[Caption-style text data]
________
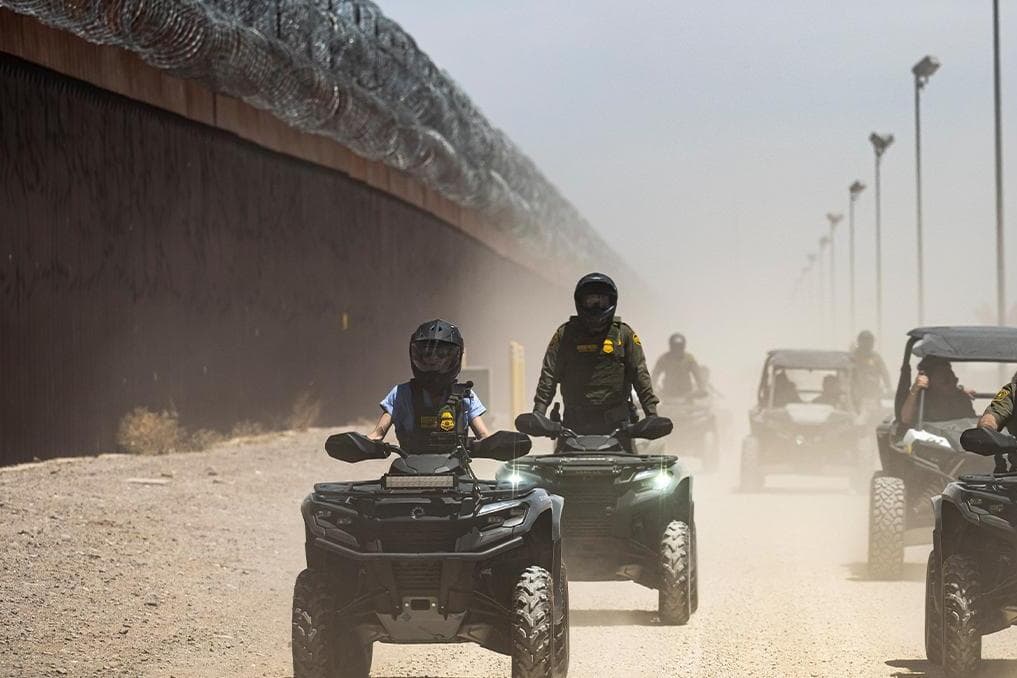 Border crossings hit historic low in June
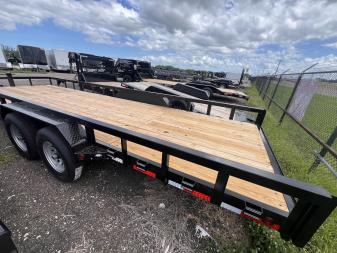 New 2026 East Texas Trailers 83x24ft Heavy Duty Equipment Trailer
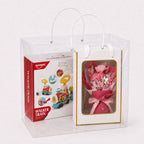 Baby Newborn Unisex Gift 5-in-1 Baby Walker Ride-On Train Toy & Preserved Flowers Hand Bouquet For Mum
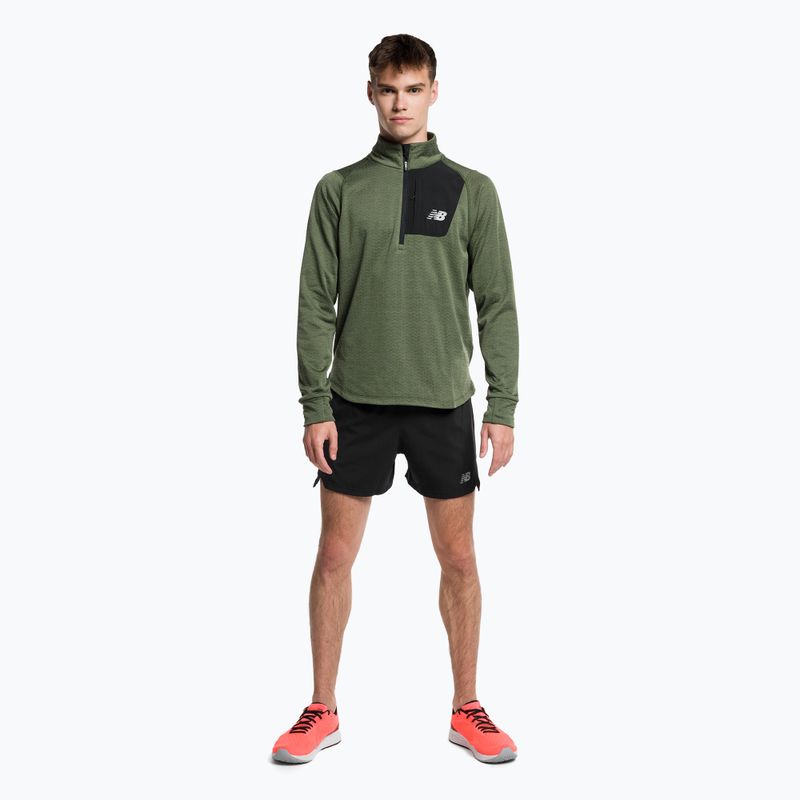 Pánske tréningové tričko New Balance Top NB Heat Grid Half Zip grey NBMT23252DO1 2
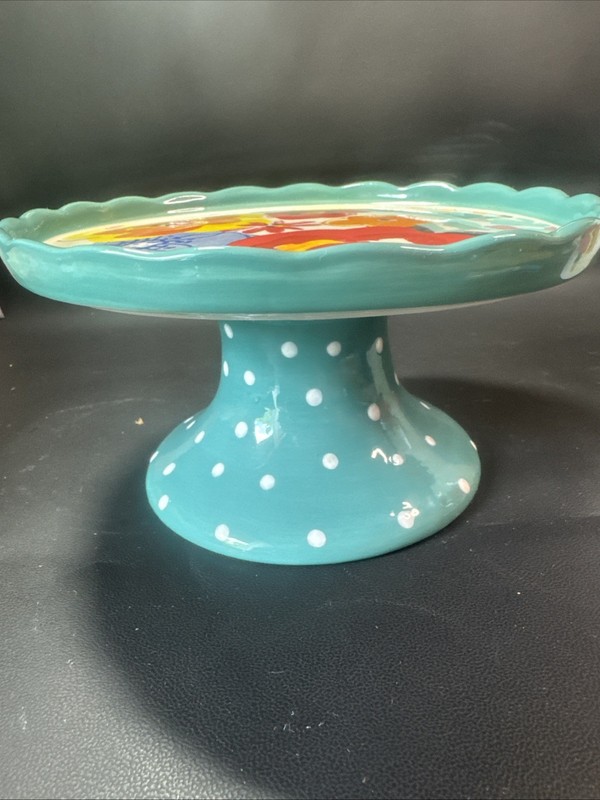 The Pioneer Woman Floral Cake Cupcake Stand & Utensil Holder. Great Price!! gallery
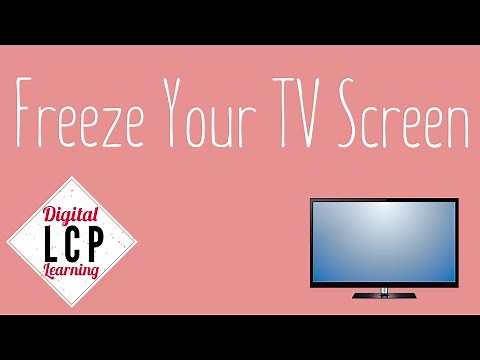 How To Freeze Your TV Screen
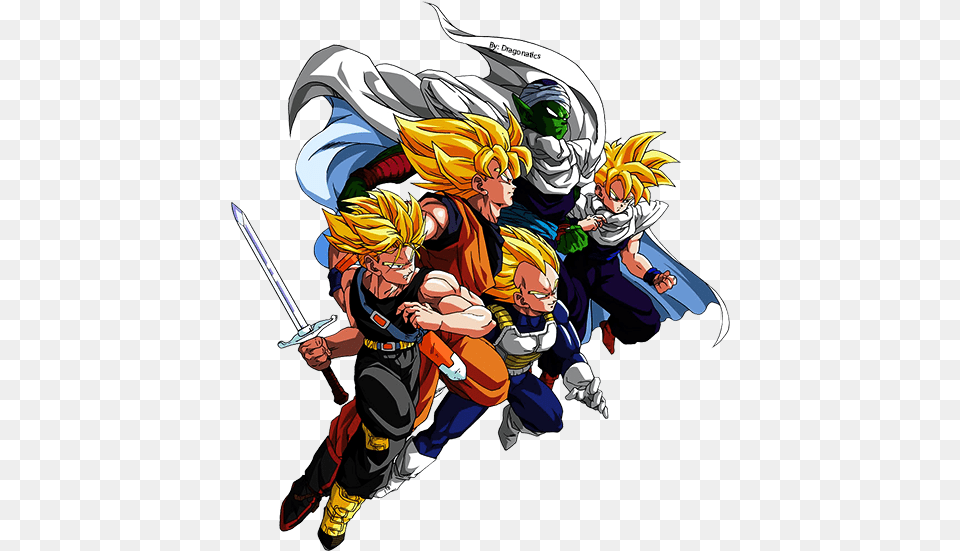 Viu Para Isso Mesmo Que O App Perfeito Dragon Ball Z Vegeta Son Goku Trunks Gohanwallpaper, Publication, Book, Comics, Person Png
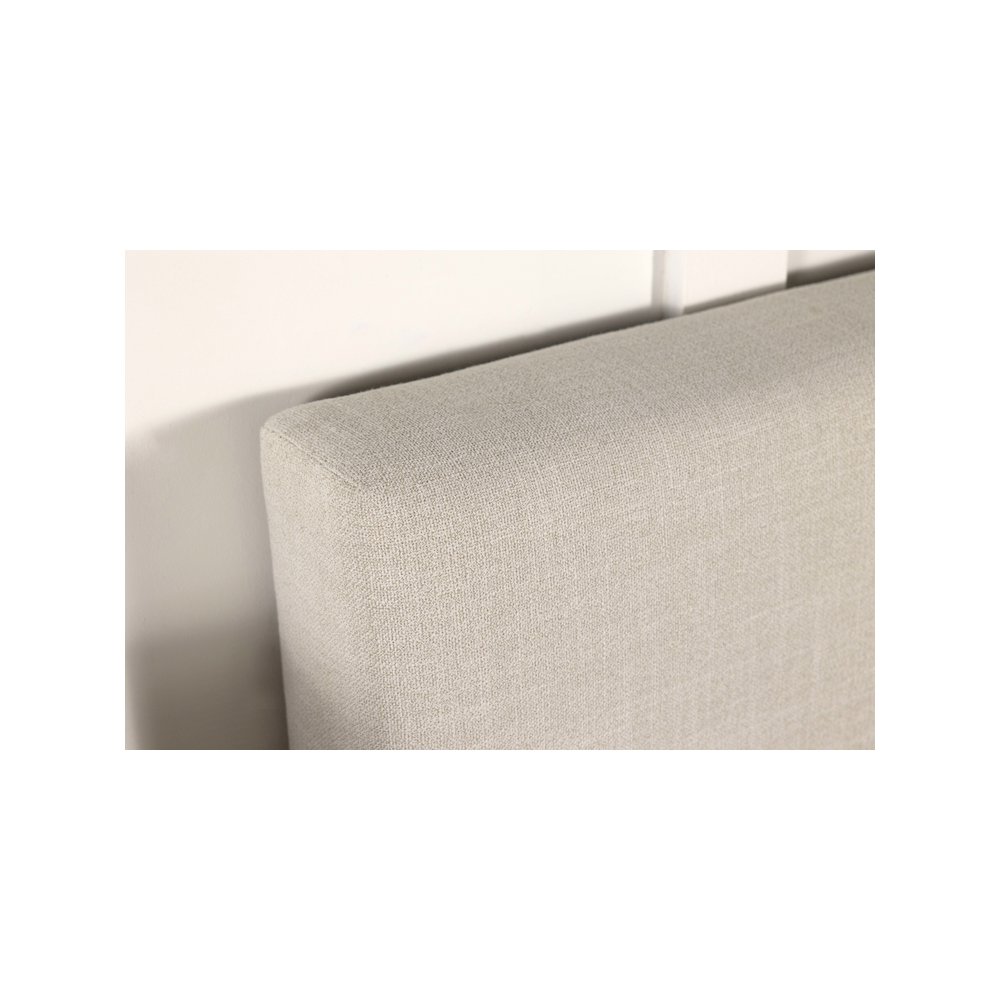 Pirro Upholstered Twin Panel Headboard Sand. Picture 10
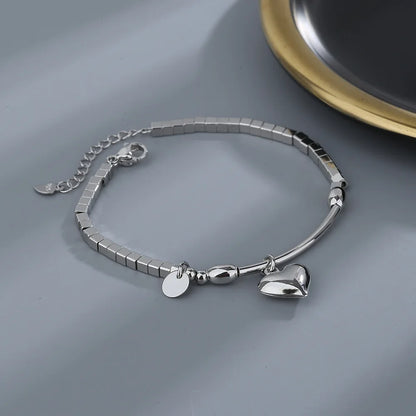 VENTFILLE 925 Sterling Silver Diamond-Studded Butterfly Bracelet Women's Fashion Temperament Flower Adjustable Bracelet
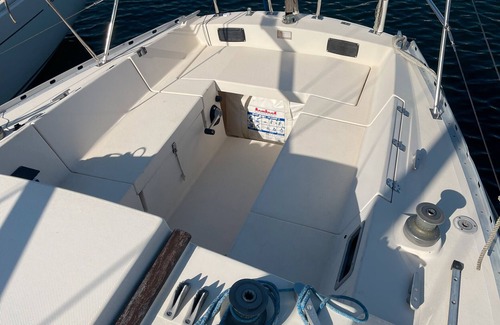 Cherbourg-en-Cotentin Boat Rental | Sailing Boat 'Miraflores' with Sea View, Private Terrace and Wi-Fi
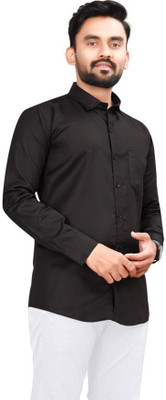 StellLIFESTYLE Trend Men Solid Casual Black Shirt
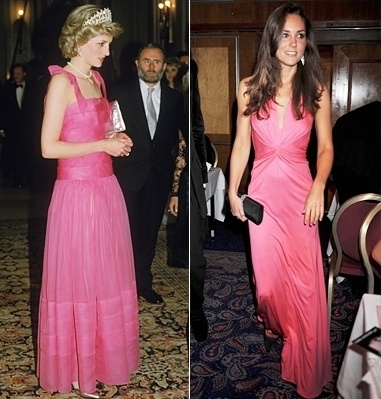 Princess Diana Spencer and Kate Middleton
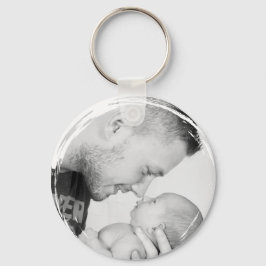 Photo Papa – Rétro Personnalisé Nyckelring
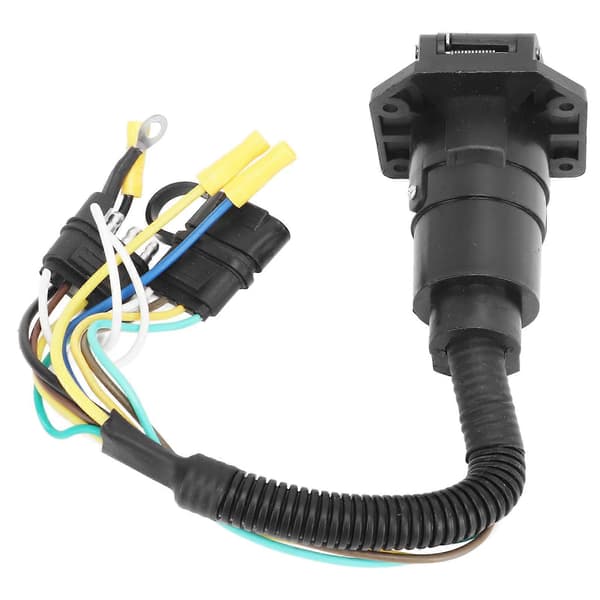 12V Tilhengerledningsadapter 4-veis flat til 7-veis RV-blad Stabil sleping for tunge og lette tilhengere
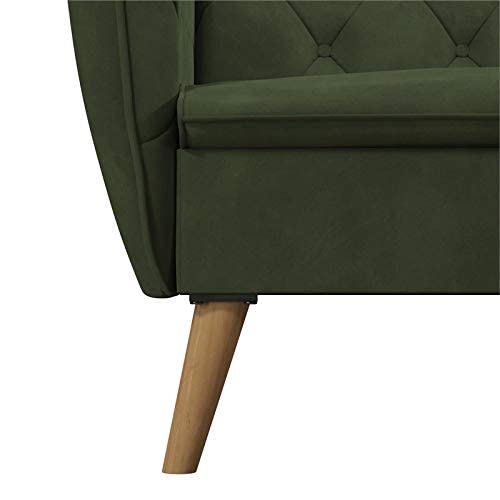 Novogratz Tallulah Memory Foam Futon, Convertible Couch, Green Velvet #TOP3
________
§ **HOW TO COMPLETE THIS TASK**: Reproduce exactly the entries from their first line through the line containing "VENTFILLE 925 Sterling", including both, and omit any pictures.

§ **RESULT OF THE EXERCISE**:
 Border crossings hit historic low in June
 New 2026 East Texas Trailers 83x24ft Heavy Duty Equipment Trailer
 Baby Newborn Unisex Gift 5-in-1 Baby Walker Ride-On Train Toy & Preserved Flowers Hand Bouquet For Mum
 Pánske tréningové tričko New Balance Top NB Heat Grid Half Zip grey NBMT23252DO1 2
 The Pioneer Woman Floral Cake Cupcake Stand & Utensil Holder. Great Price!! gallery
 How To Freeze Your TV Screen
 Viu Para Isso Mesmo Que O App Perfeito Dragon Ball Z Vegeta Son Goku Trunks Gohanwallpaper, Publication, Book, Comics, Person Png
 Pirro Upholstered Twin Panel Headboard Sand. Picture 10
 VENTFILLE 925 Sterling Silver Diamond-Studded Butterfly Bracelet Women's Fashion Temperament Flower Adjustable Bracelet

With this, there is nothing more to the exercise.